Pretty soon this debt-ceiling story will be over, hopefully with disaster averted.  Then we’ll go back to watching our televised entertainments and forget about reality, or that small refraction of reality we possibly see.  Forgive me if I get a head start: I just turned off the news and put on another episode of The West Wing.  Bartlett in ’12 for me!

3 responses to “The White House: Fact or Fiction”
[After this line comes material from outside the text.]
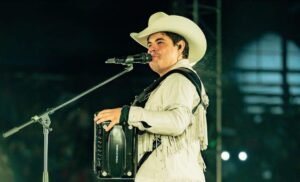 Alfredo Olivas en el Palenque impuso récord de venta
  1. Avatar WreckedUm says:

    I've been watching the debt ceiling crisis closely myself. If this "default" does happen, then the first thing to go will be the federal unemployment extension (which I should qualify for just as the deadline happens) along with Social Security. I'm not blaming anyone at this point if that happens. I can't expect free money to hold me over forever, and I didn't. But I really do hate, just as you said, something that has been done during every presidency for decades is suddenly a political circus with prime-time attention and partisan rhetoric bouncing off the walls. These politicians aren't public servants, they're attention whores and camera clowns. They are performers. It's revolting. I may fundamentally disagree with Reagan, but at least he had a background as an actor.
    I like the recent story about averting it all by invoking the 14th amendment and making it an executive decision, even if the President doesn't have the balls to do it. THAT will piss the Right off.

    • Owen Owen says:

      It all feels like just another TV show. Too bad it has such dire consequences for the country.
      I can't believe we have all agreed to call social security and unemployment "entitlements." I hate that word.

  2. Avatar Emilybb says:

    In my opinion, it is all theatrics with no base in reality. Politics are just a charade to persuade, confuse, scare and bully the public toward whichever way makes the most sense for those with the power. It used to be that you were told not to believe everything you read, now it seems you can't believe anything you read – or hear or watch.